I’d say the MacPaint demo was bigger. We had touch screen devices before the iPhone and several failed attempts at tablets (then called “slates”). The iPhone interface felt like a big leap but still an evolutionary one that we all know someone was eventually going to nail. Whereas MacPaint seemed almost supernatural compared to what was sat on people’s desks before it. Sure it drew a lot from Lisa and Xerox but at that stage most people weren’t familiar with those and that had certainly never believed it would end up in an affordable device any time soon. I remember Amiga invoked similar responses for me too. Then first time I saw an Amiga in the flesh it seemed almost magical.
I don’t think we will ever have breakthroughs like that again because of the way how tech is often previewed in public (to drive up hype) and the laws of diminishing returns with regards to computational upgrades. Plus I think people are more used to seeing hardware breakthroughs so expect more these days.
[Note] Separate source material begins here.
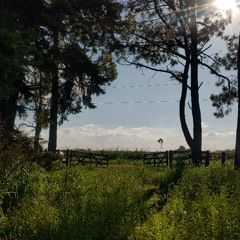 Cielooo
What's weird is that I was working on prototype handsets for Nokia in 2004 and I have never seen that handset until today. WTF. (Note: the prototypes I was working on were all designed around stealing Apple's iPod mojo and baking it into their phones)
I had a 7710 for a few weeks, interesting concepts, but half-baked implementation and so slow you couldn’t really use it. Gave it back. It was more of a strange tech demo, than a usable phone. You can’t compare it to the iPhone.
Scrolling + rubber band effect, pinch to zoom, or just using your fingers to control a device. It was magical!
For the younger generation those are very normal and mundane things. It’s just how their devices have always worked.